Cabe ressaltar que, segundo Barros (2001, p. 115), não há discursos não- figurativos, mas sim discursos de figuração esparsa. O discurso televisivo mune-se de muitas figuras (verbais e visuais) para representar seus valores, sendo ele ostensivamente figurativizado. Já o discurso científico faz um uso menor, centrando- se mais na temática pretendida. A figurativização de um discurso vem completar, juntamente com a tematização, uma estratégia argumentativa.

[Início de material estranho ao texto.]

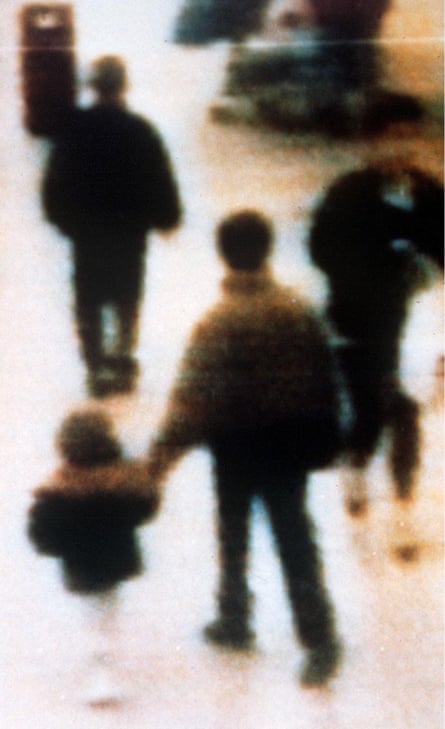 The CCTV footage from Liverpool’s Strand shopping centre showing James Bulger being led away by his killers.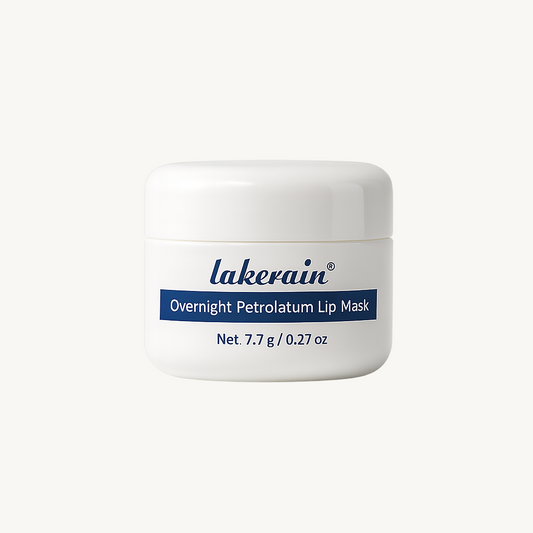 Lakerain Overnight Petrolatum Lip Mask – white jar with blue label, 7.7 g / 0.27 oz, product photo on a white background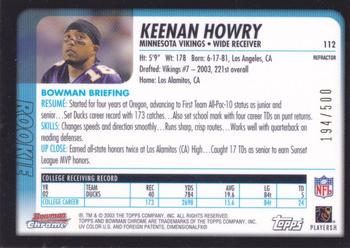 2003 Bowman Chrome - Refractors #112 Keenan Howry Back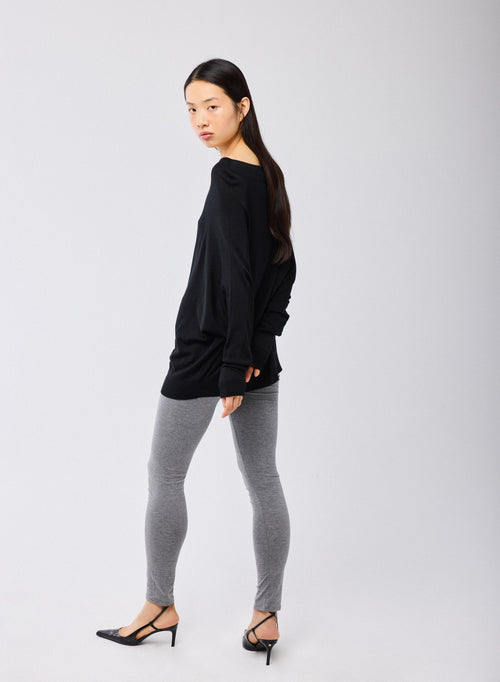 Schwarzer Pullover Boatneck Lange Ärmel aus Merinowolle - MAJESTIC FILATURES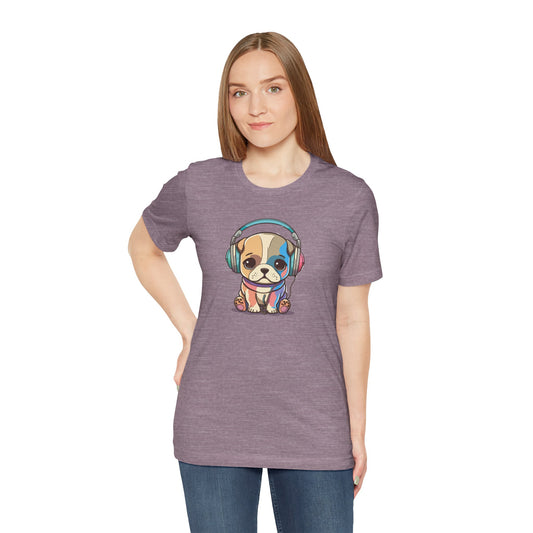 Adorable Dog with Headphones T-Shirt - Cute and Fun Design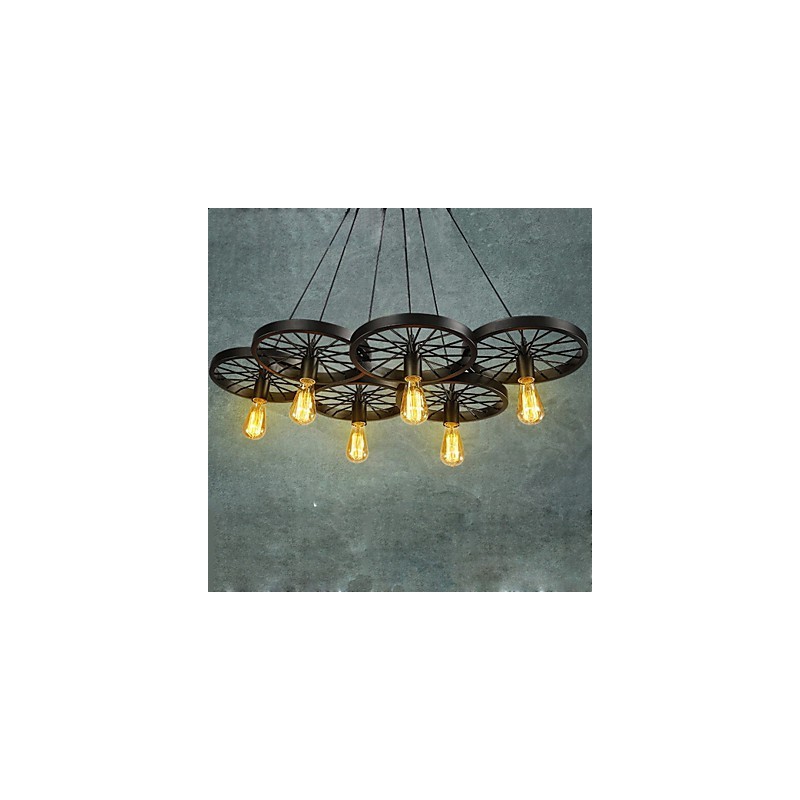 Loft Pendant Light Wheel Chandelier Rustic Vintage Retro Country Dining Metal+Painting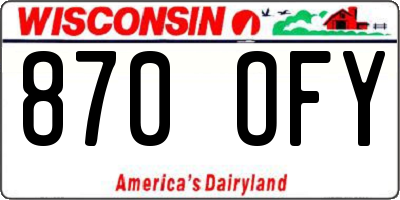 WI license plate 870OFY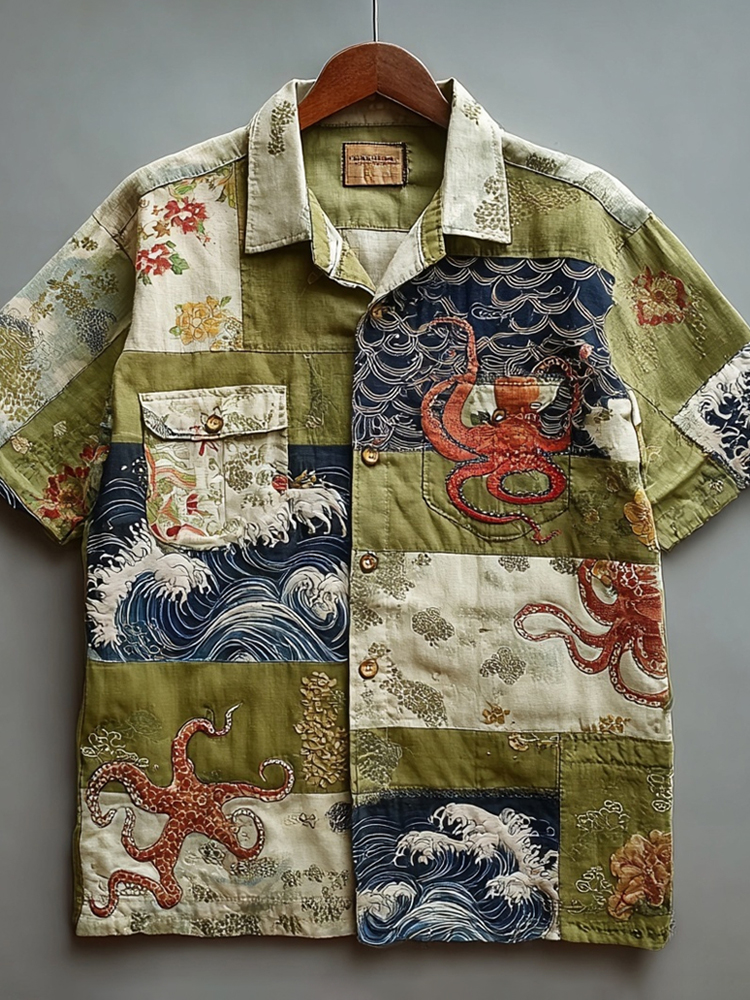 Japanese Wave & Octopus Vintage Patchwork Art Men's Linen Short Sleeve Shirt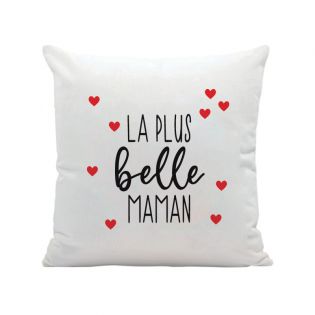 Coussin blanc Maman - Photo personnalisée | Carré 40 x 40 cm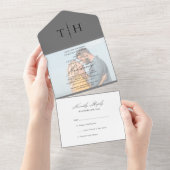 Invitation Tout En Un Simple Calligraphie Gris RSVP Mariage (Déchirure)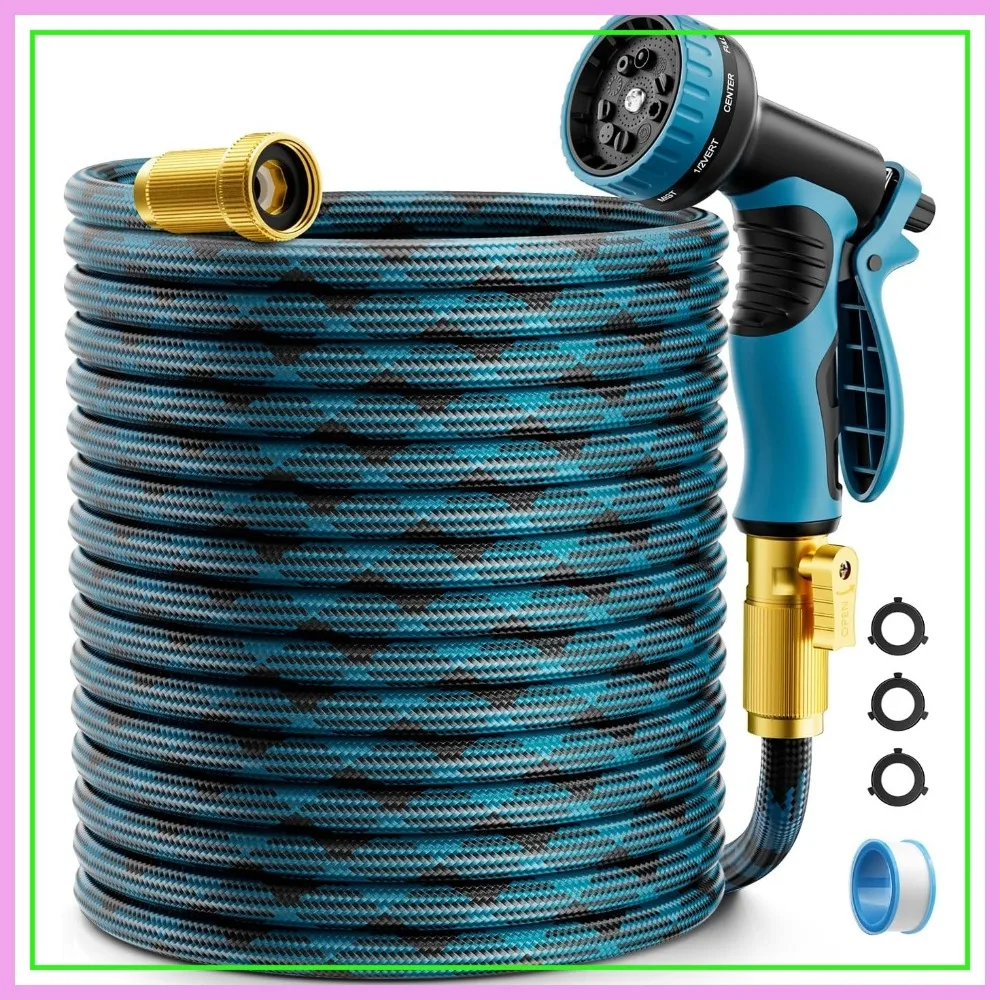 Non-Expandable Water Hose 100ft, Flexible & Leak Proof, with 10-Function Nozzle, Lightweight for Yard, Car Wash
Non-Expandable Water Hose 100ft, Flexible & Leak Proof, with 10-Function Nozzle, Lightweight for Yard, Car Wash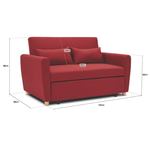Dahlia Red 2 Seater Pull Out Sofa Bed - Convertible Sleeper Sofa - Bargainia.com - 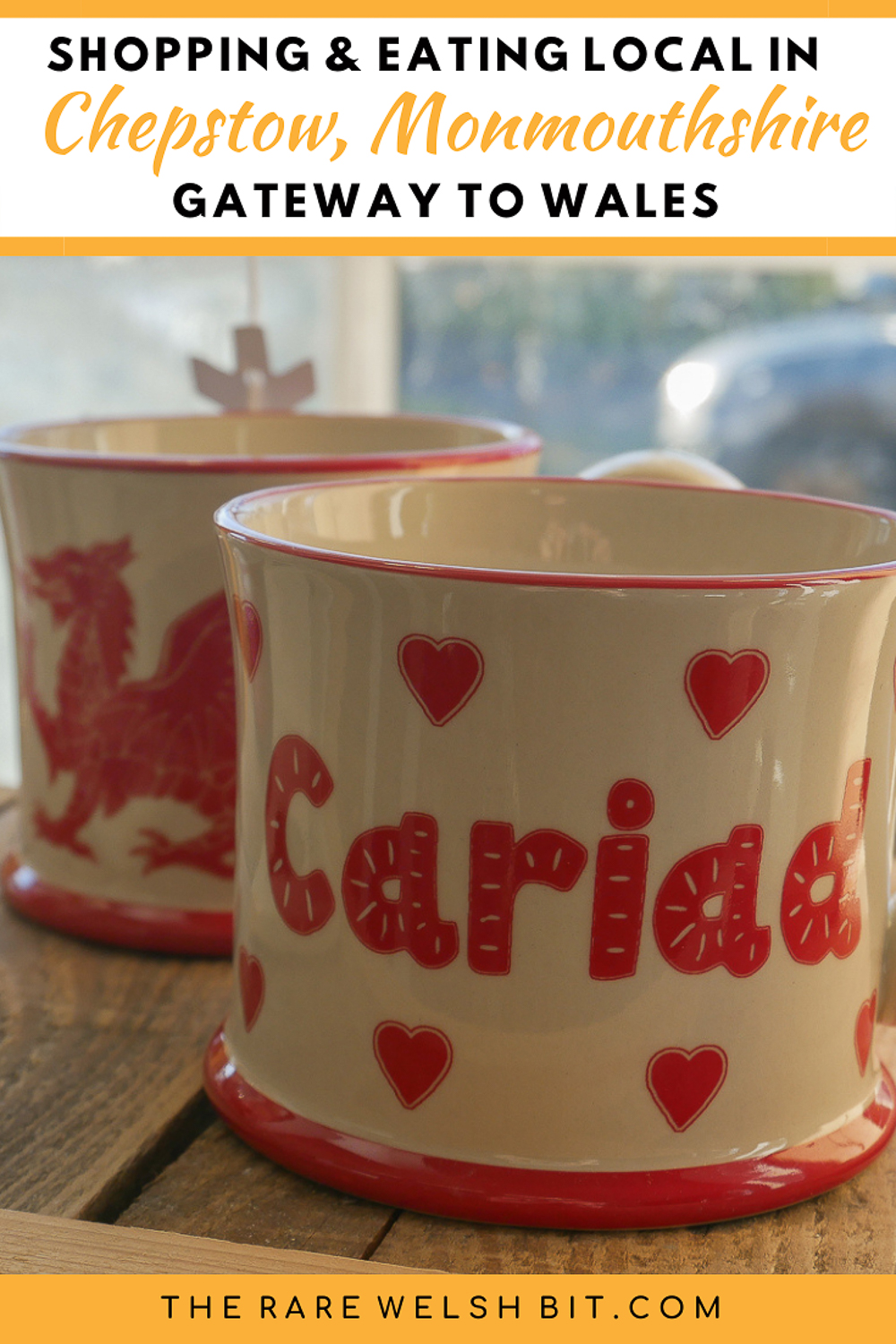 Welsh 'Cariad' and red dragon mug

Estes desempenhos formam um percurso semiótico desde a estruturação dos sujeitos na narrativa, até, pelas competências que estes adquirem, à manifestação do sentido. É um caminho balizado por onde escoa o sentido: “partido da imprecisão original e ‘potencial’, para chegar, através de sua ‘virtualização’ e de sua ‘atualização’, à fase da ‘realização’, passando das precondições epistemológicas às manifestações discursivas” (GREIMAS; FONTANILLE, 1993, p. 12).

Todo discurso que se vale de imagens torna-se figurativo por natureza, pois as imagens constituem um texto com uma gramática própria. As ideias espalhadas pela narrativa telejornalística, pelas figuras, conectam-se à sensorialidade imagética de quem vê, reforçando os efeitos de realidade. Como afirma Martin (2005, p. 27), “o valor persuasivo de um documento fotografado ou filmado é, em princípio, irrefutável”.

No texto visual, pode-se atrelar o fenômeno da tematização e figurativização à plasticidade, que se dá em função da aderência de elementos icônicos de uma imagem ao referente real. A imagem cria em um modelo de real, como afirma Villafañe (2000). A imagem está em ligação direta com o concreto, aderindo diretamente à coisa nela representada. Esta adesão, do significante ao significado, torna possível seu rompimento, do fenômeno perceptivo coletado do real (KIENTZ, 1973, p. 26).

Tema e figura serão tratados neste trabalho com abordagens próprias ao texto televisual. Proporei a seguir, uma aproximação destes percursos de formação discursiva às propriedades da linguagem televisual adequando-os à sua natureza plástica. Tal aproximação da semiótica discursiva com a teoria da imagem é proposta para tentar dar ordem, e possibilidade de análise, ao imbricado sistema semiótico composto pela imagem.